• **ACTIVITY**: A faithful copy of the entries is required, with no images in it.

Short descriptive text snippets
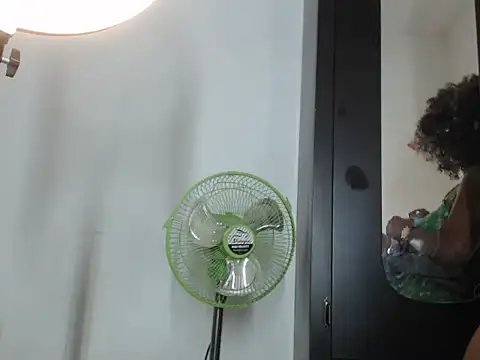 aixhaebonysex online show from February 17, 2026, 3:15 am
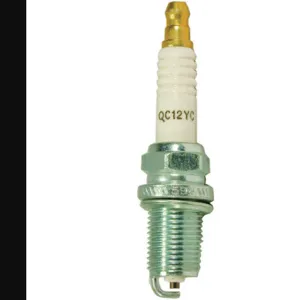 CHAMPION COOLER 130472 Spark Plug | AA4MVQ 12U898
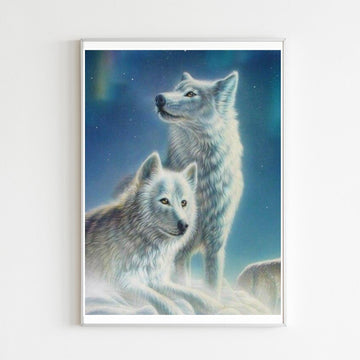 Loups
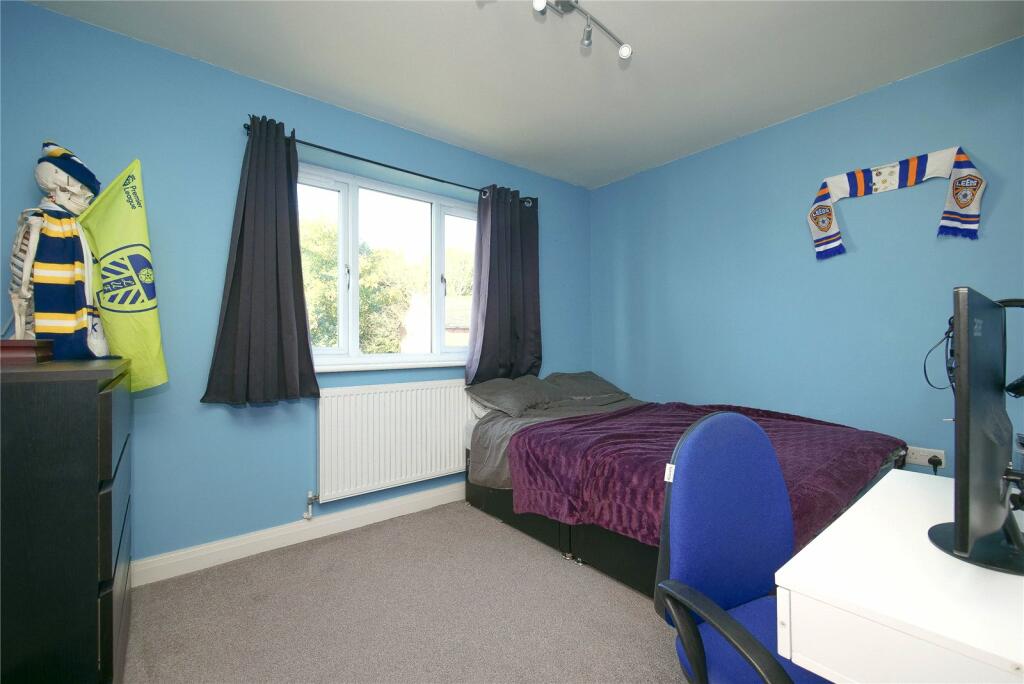 Additional image 7 of Southlands, Baildon, Shipley, West Yorkshire, BD17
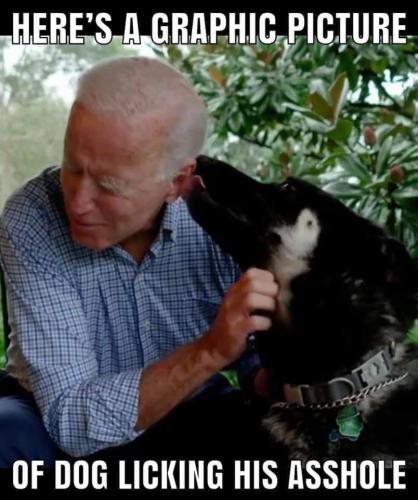 FB_IMG_1635446377795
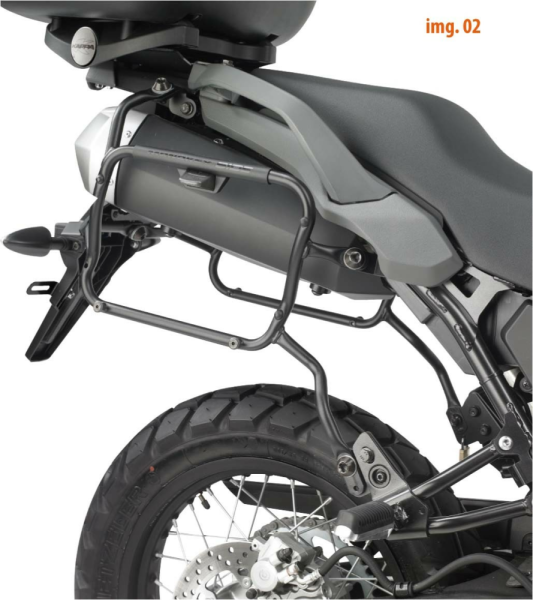 Cadru Side Case Kappa SUZUKI DL 1000 V-STROM '17-'19-10ebed0aecd1fefbc1bfd4925d1780eb.webp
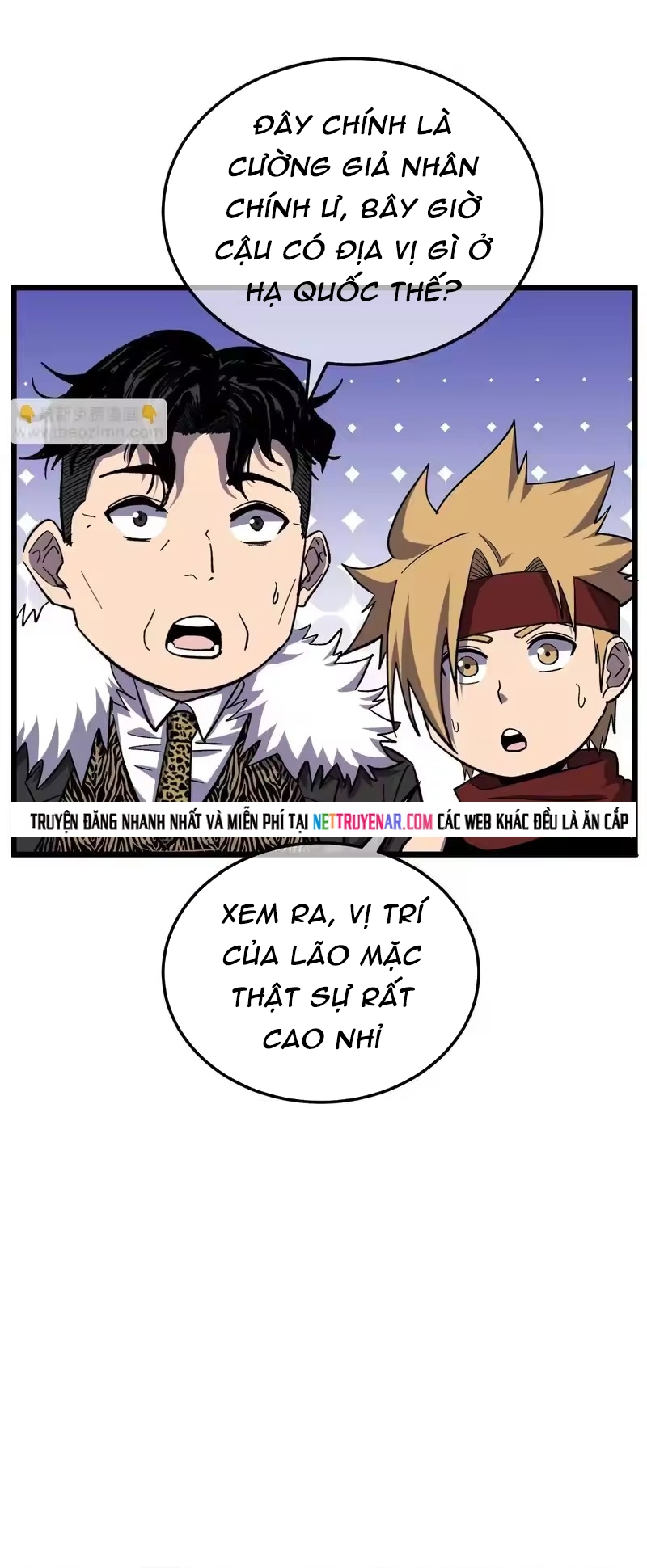 Chapter 151 - Trang 34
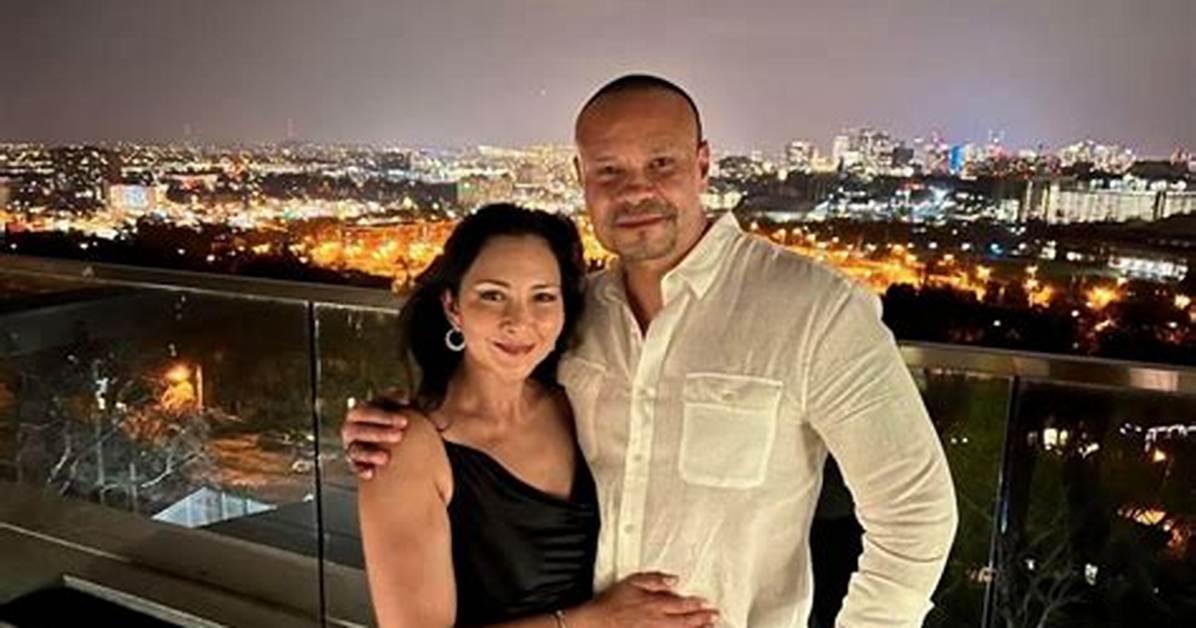 Paula Andrea Bongino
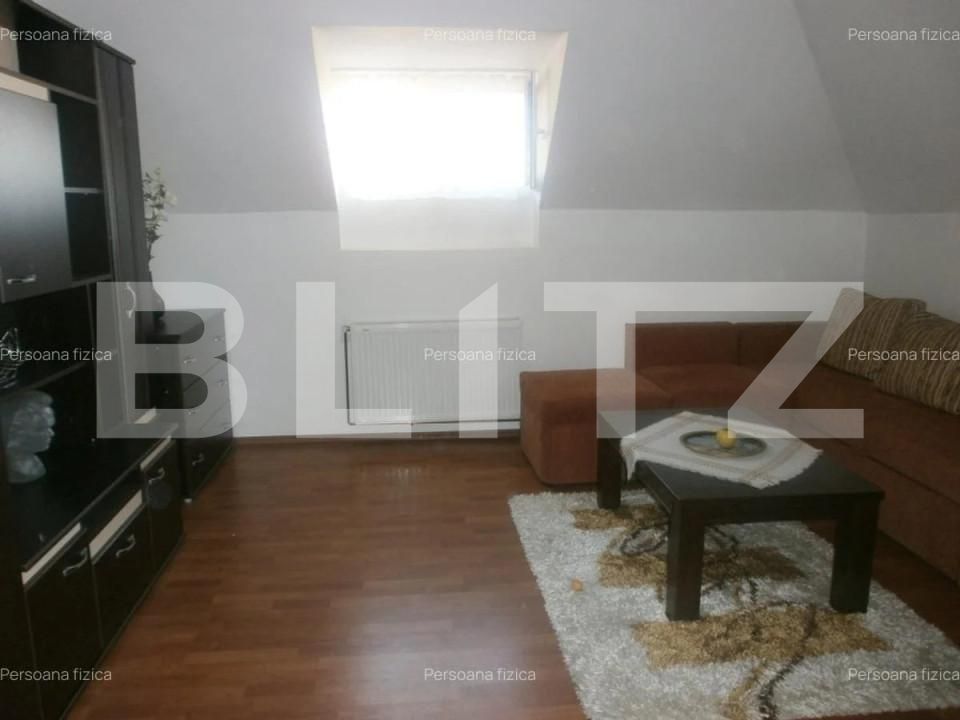 Casa de vânzare 4 camere Viișoara - 158945CV | BLITZ Bistriţa | Poza5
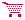 View Cart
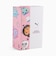 PUMA x GABBY'S DOLLHOUSE/12.0～16.0cm 405779 ギャビーのドールハウス PUMA x GABBY'S DOLLHOUSE Club II Era キッズ シューズ スニーカー 男の子 女の子 ムラサキスポーツ
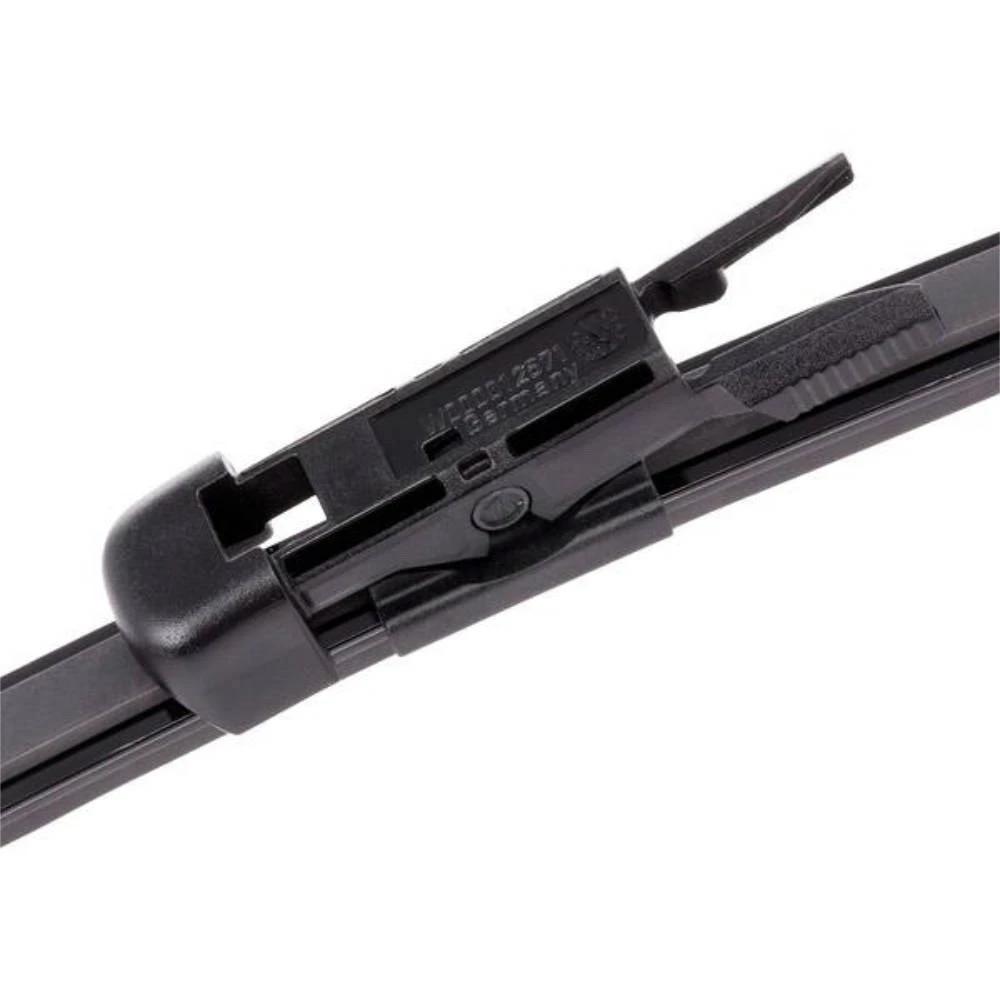 Zadní stěrač Valeo Silencio Rear 280 mm pro MINI Clubman 2007-2012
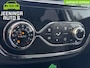 Renault Captur TCe 120 EDC Dynamique|Camera|PDC|Navi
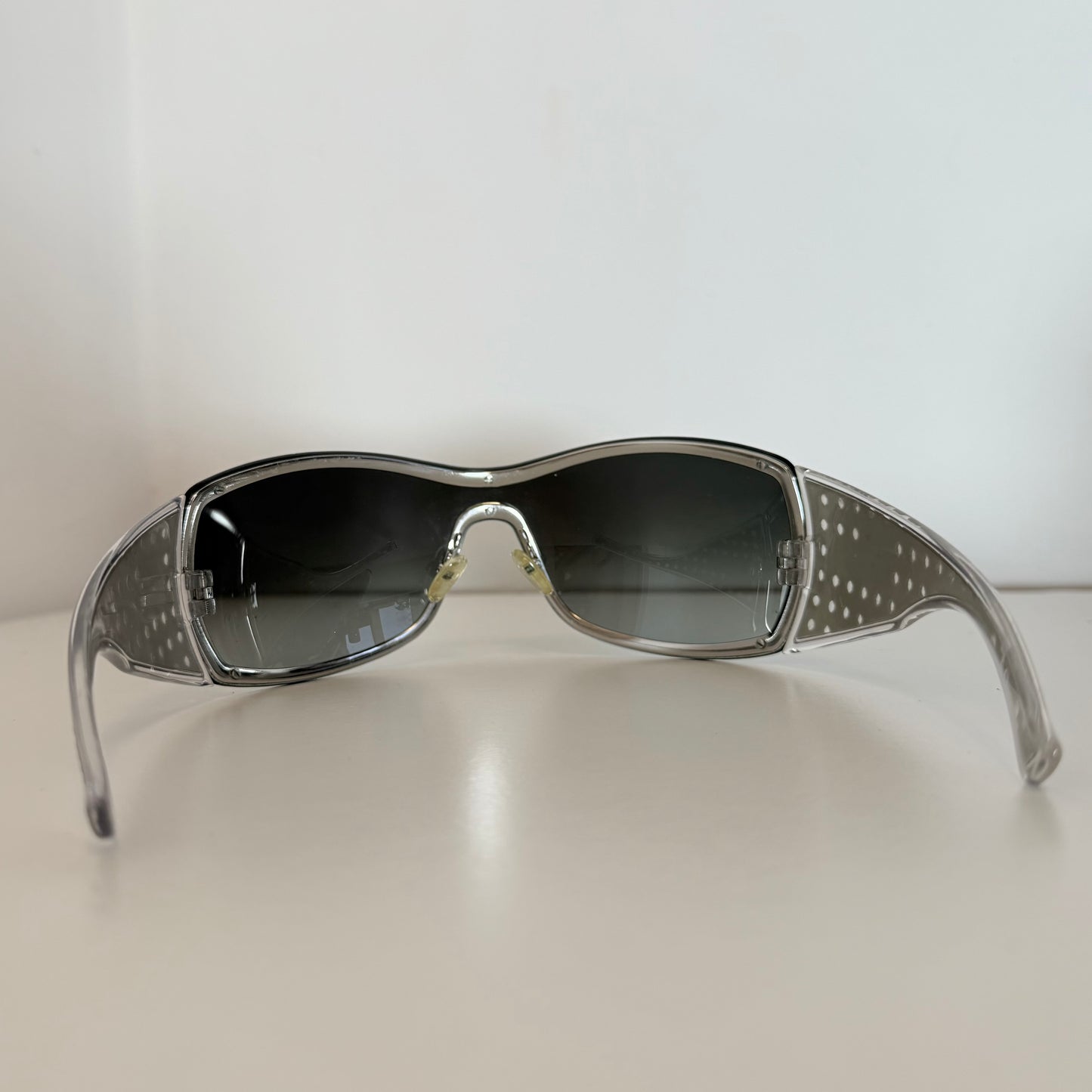 Dior Shield Sunglasses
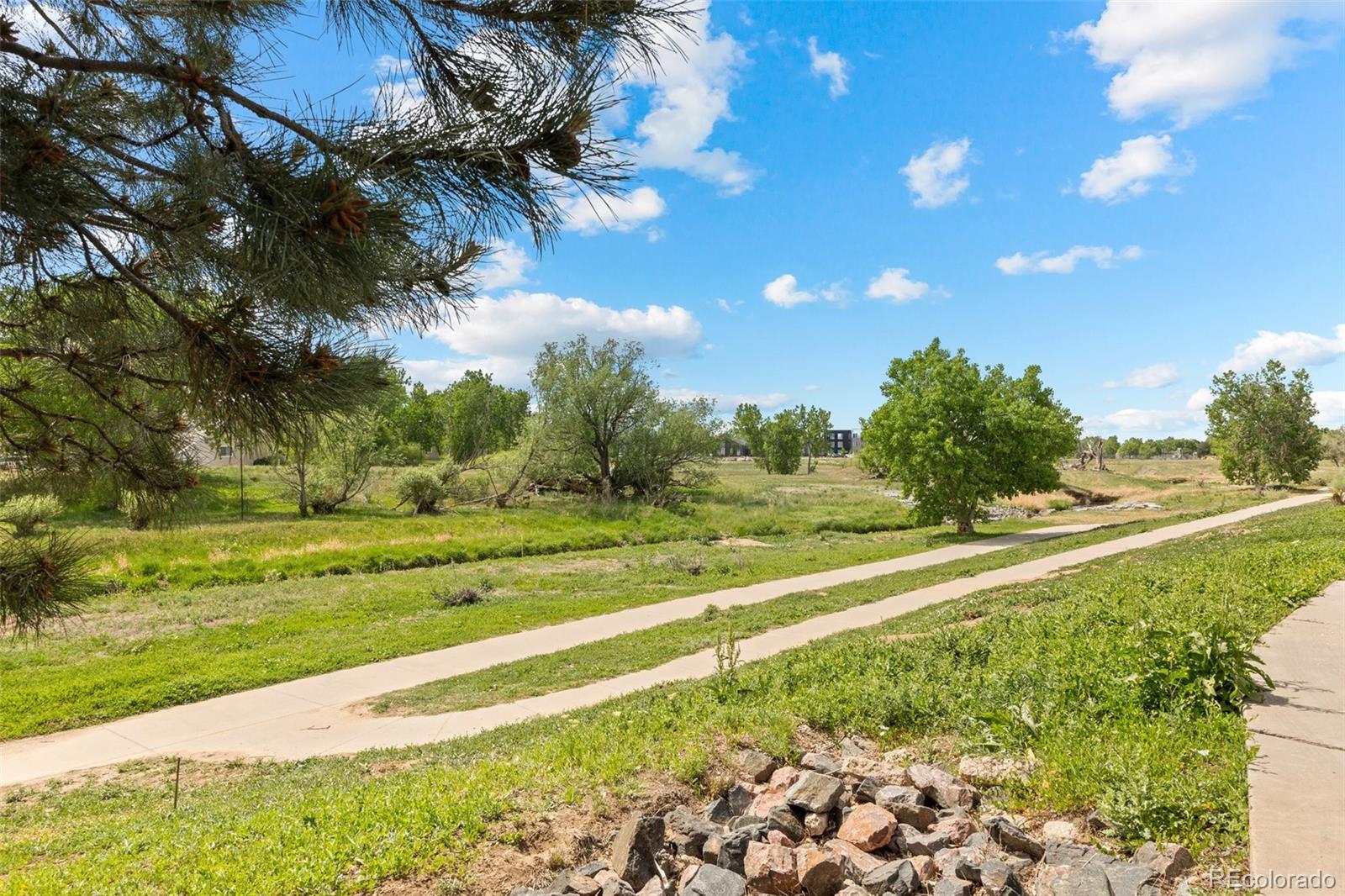 MLS Image #27 for 101  granby way b,aurora, Colorado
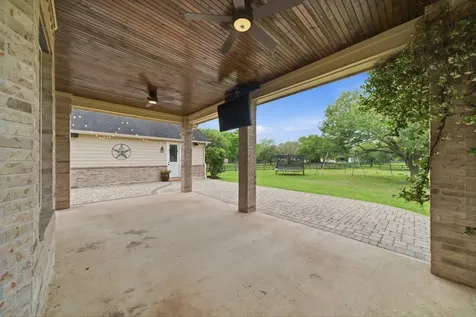 4535 Box Turtle Lane Fulshear TX 77441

• **TASK RESULT**:
 aixhaebonysex online show from February 17, 2026, 3:15 am
 CHAMPION COOLER 130472 Spark Plug | AA4MVQ 12U898
 Loups
 Additional image 7 of Southlands, Baildon, Shipley, West Yorkshire, BD17
 FB_IMG_1635446377795
 Cadru Side Case Kappa SUZUKI DL 1000 V-STROM '17-'19-10ebed0aecd1fefbc1bfd4925d1780eb.webp
 Chapter 151 - Trang 34
 Paula Andrea Bongino
 Casa de vânzare 4 camere Viișoara - 158945CV | BLITZ Bistriţa | Poza5
 View Cart
 PUMA x GABBY'S DOLLHOUSE/12.0～16.0cm 405779 ギャビーのドールハウス PUMA x GABBY'S DOLLHOUSE Club II Era キッズ シューズ スニーカー 男の子 女の子 ムラサキスポーツ
 Zadní stěrač Valeo Silencio Rear 280 mm pro MINI Clubman 2007-2012
 Renault Captur TCe 120 EDC Dynamique|Camera|PDC|Navi
 Dior Shield Sunglasses
 MLS Image #27 for 101  granby way b,aurora, Colorado
 4535 Box Turtle Lane Fulshear TX 77441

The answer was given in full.